As I write this blog, our summer with the Manhattan Sports Business Academy has surpassed the mid-way point.
On one hand this fact is upsetting because with everything we’ve experienced and learned thus far, I really don’t want the program to end.
On the other hand, I’m enthusiastic and motivated for the final stretch of our MSBA experience, knowing that we have another month of amazing opportunities to continue this educational process.
I truly look forward to developing more as a sports business professional and putting to work some of the knowledge we’ve acquired in these next few weeks.
We continue to have an incredible Speaker Series and each guest has provided great insight. With all of our speakers I try to find similar qualities these people have in common as a way to outline a general guide for “success”. A couple of our recent guests both expressed the same idea which resonated with me and that is the necessity of risk-taking. After listening to Andy Krafsur, Co-Founder and CEO of Spira Footwear, he really inspired me with his willingness to step completely out of his comfort zone in an effort to pursue a passion. Despite being a successful founding partner of a law firm, Andy ventured into the unpredictable world of entrepreneurship with the desire to revolutionize the athletic footwear industry. Andy assured us that this enthusiasm and vision must accompany any serious risk, and that the challenge that comes from it motivates him every day.
Another one of our speakers, Jeffrey Hayzlett, the self-titled “Global Business Celebrity” and former CMO of Kodak, imparted a similar view on risk. He told us that some of his most significant professional accomplishments came when he tried new things and took educated risks. Jeff guaranteed us that if you take a risk and it doesn’t work out, “no one will die”. This simplified perspective clicked with me because it really exposed how irrational fear can inhibit personal and business development. I took away from Jeff the notion that assertive and bold choice will be rewarded, and if not, continue with that same passion with each new opportunity.
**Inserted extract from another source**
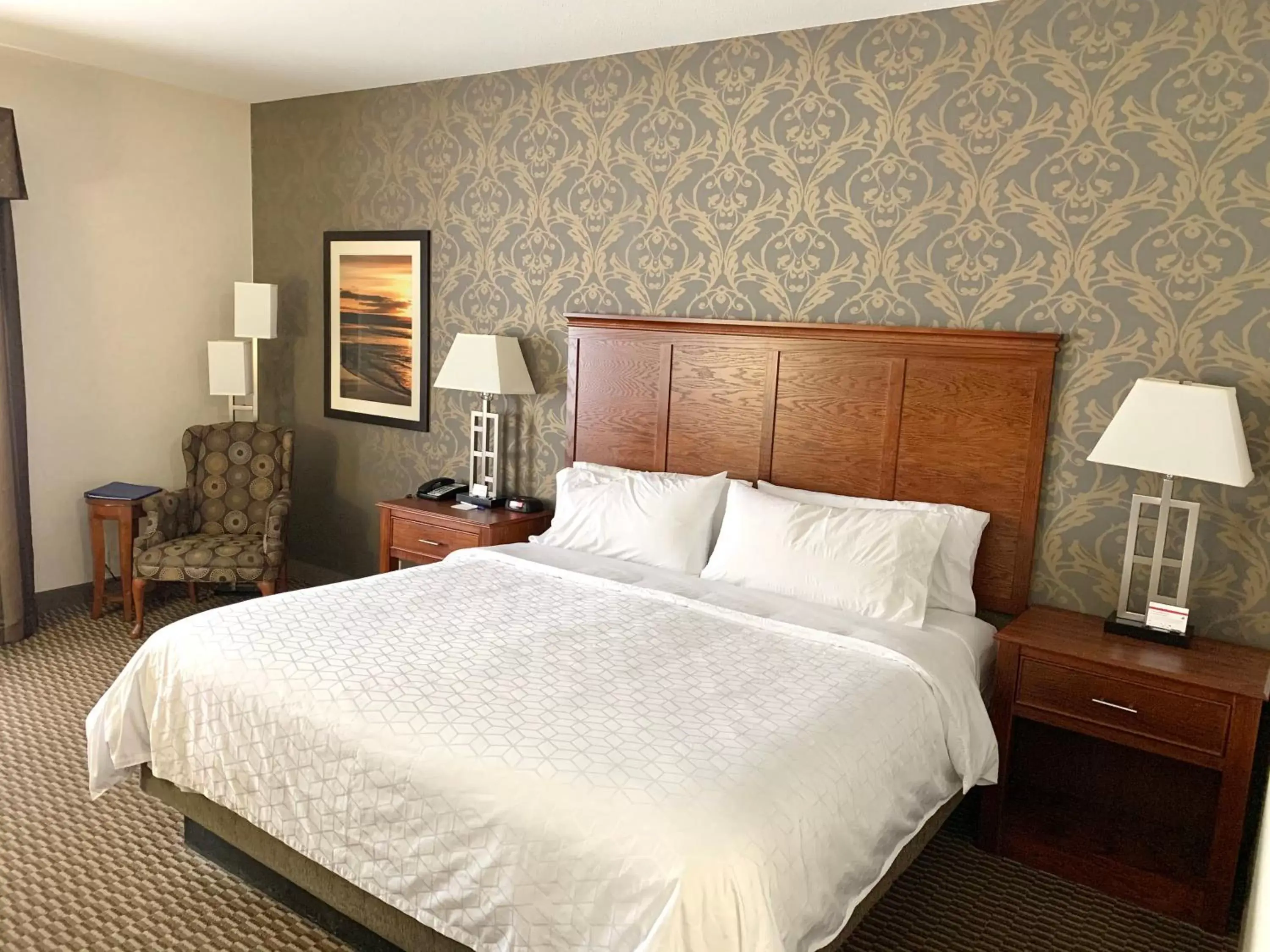 Photo of the whole room, Bed in Holiday Inn Express Holland by IHG Photo of the whole room, Bed in Holiday Inn Express Holland by IHG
One of my favorite experiences of the summer was our trip to Brooklyn to meet Brett Yormark, CEO of the Brooklyn Nets and the Barclays Center. A day after probably the biggest trade in Nets history, Brett still took the time to share his story and some of his core values, something we all appreciated. My biggest takeaway from Mr. Yormark was his insistence that success hinges on a vision of where you want to go and what you want to accomplish. He described his initial employment with the Nets and how he envisioned being CEO one day and the necessary steps it would take along the way to reach that goal. Brett helped me understand that vision is essential and that goal setting is vital in the process of turning a vision into reality.
These final weeks of MSBA will be equally, if not more enriching, to our development; I look forward to applying what I’ve learned to these upcoming events. This last month will also be a time to strengthen and create new relationships, a key part of the MSBA experience. I know that soon enough we’ll be down to our final days and I’m eager to make the most of the time we have together.